Among more than a dozen House and Senate members interviewed, only one had even heard of the “Emergency Interim Legislative Succession Act,” which has been state law since 1962.

The provision, section 2-5-10 of the S.C. Code of Laws, requires each lawmaker to name three to seven people who would fill in for him or her in case the state or nation is under attack and the elected lawmaker is unable to tend to his or her legislative duties.

Not a single lawmaker could be found who has actually created such a list. The law requires each legislator to file a list with the S.C. secretary of state.

“My wife always keeps my lists, you’ll have to ask her,” said Sen. David Thomas, R-Greenville.

“Are you available?” asked Sen. Brad Hutto, D-Orangeburg.

“Well, good gosh,” said Sen. Linda Short, D-Chester.

ARE YOU SURE?

Even the top leaders of the House and Senate were left without an answer.

House Speaker David Wilkins, R-Greenville, was incredulous.

“It’s still on the books? How do you know if it’s on the books? It might have been repealed.”

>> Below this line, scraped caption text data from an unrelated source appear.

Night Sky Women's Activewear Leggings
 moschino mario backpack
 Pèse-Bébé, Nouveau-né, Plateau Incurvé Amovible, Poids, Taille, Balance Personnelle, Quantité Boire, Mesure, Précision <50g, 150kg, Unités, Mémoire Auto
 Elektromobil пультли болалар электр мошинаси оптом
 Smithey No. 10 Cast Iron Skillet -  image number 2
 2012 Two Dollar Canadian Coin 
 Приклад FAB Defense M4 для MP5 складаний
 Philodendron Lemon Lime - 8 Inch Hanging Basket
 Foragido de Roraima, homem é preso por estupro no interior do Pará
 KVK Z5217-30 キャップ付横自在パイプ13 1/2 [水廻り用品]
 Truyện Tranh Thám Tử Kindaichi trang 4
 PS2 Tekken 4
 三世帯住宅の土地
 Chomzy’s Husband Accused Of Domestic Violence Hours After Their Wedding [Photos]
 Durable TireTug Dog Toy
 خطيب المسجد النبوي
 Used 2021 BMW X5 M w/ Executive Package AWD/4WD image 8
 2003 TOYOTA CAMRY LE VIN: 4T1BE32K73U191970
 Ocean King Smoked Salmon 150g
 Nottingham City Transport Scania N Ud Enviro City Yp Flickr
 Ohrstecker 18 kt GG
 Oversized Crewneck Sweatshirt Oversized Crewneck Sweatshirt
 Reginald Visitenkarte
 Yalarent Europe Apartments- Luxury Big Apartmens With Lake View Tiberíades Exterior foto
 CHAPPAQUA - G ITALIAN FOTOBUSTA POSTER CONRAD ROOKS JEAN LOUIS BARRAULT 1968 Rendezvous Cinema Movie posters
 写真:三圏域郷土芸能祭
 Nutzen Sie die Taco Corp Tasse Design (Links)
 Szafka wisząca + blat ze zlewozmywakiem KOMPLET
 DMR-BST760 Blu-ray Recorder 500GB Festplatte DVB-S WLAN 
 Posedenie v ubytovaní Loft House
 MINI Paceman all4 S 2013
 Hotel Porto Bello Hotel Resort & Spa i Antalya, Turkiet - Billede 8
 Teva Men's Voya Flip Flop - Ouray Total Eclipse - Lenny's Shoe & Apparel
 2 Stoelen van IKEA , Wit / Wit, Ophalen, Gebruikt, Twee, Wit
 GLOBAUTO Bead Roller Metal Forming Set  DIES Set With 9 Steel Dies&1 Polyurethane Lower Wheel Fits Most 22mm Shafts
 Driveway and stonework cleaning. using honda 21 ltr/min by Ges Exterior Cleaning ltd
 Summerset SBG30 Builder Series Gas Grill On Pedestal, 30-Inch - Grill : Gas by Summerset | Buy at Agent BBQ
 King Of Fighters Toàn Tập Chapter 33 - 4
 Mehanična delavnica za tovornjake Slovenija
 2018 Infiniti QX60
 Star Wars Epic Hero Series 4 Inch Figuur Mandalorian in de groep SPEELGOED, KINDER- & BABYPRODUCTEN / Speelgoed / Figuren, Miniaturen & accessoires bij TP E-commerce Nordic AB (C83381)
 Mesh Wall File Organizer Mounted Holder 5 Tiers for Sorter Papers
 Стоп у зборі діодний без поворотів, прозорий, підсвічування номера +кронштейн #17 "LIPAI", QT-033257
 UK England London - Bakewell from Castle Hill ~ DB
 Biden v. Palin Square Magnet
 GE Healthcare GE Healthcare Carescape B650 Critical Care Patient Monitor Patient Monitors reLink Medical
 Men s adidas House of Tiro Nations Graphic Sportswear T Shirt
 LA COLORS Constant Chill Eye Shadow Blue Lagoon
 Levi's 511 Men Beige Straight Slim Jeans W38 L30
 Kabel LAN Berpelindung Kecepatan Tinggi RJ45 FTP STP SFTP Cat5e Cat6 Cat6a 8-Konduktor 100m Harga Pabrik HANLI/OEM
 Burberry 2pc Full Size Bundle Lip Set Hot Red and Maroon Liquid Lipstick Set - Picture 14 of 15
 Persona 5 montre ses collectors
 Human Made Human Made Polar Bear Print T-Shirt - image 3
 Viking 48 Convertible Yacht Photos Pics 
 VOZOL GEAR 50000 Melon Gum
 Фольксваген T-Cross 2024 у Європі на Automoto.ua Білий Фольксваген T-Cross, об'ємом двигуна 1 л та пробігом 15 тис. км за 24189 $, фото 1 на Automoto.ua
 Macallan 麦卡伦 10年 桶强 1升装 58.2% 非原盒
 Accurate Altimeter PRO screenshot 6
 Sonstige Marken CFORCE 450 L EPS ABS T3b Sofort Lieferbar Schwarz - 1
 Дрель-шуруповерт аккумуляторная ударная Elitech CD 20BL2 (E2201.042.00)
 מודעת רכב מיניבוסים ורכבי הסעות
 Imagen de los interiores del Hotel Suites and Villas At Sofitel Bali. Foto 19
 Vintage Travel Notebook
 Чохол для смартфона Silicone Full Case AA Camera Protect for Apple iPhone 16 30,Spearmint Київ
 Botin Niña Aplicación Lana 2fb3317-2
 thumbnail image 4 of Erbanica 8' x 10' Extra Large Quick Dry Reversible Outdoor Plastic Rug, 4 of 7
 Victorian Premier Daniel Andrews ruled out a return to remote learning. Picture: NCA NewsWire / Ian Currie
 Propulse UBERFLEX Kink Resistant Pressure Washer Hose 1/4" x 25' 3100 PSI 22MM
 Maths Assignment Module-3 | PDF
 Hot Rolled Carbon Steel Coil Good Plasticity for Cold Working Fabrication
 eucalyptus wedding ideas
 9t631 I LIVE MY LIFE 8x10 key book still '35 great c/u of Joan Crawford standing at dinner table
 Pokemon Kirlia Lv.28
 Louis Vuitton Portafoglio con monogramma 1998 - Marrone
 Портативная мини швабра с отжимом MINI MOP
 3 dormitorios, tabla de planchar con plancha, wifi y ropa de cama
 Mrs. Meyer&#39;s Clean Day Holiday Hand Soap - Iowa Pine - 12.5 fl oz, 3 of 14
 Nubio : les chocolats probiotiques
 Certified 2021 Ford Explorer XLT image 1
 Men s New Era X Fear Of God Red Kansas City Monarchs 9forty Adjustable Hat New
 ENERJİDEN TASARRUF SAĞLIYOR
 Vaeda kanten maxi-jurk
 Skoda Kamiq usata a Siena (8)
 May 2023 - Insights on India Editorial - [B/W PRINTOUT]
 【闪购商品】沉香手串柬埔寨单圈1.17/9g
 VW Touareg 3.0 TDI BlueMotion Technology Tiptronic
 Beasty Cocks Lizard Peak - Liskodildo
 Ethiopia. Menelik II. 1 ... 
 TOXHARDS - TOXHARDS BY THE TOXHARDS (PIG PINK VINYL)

According to current state code books, and the state code of laws on the Internet, the provision was never repealed.

“Yeah, I’ve done that,” Wilkins said jokingly. “I’ve got it in my safe deposit box. I’ve got seven names because I think it will take at least that many people to do what I do.”

He suggested his list includes Christy Cox, his chief of staff. When informed Cox would not qualify because she does not live in his district, it was suggested that Wilkins put his wife, Susan, on the list.

“Yeah, we’ll give it to Susan,” he said.

Senate President Pro Tem Glenn McConnell, R-Charleston, considered to have a deep knowledge of state law and procedure, also had never heard of the obscure provision.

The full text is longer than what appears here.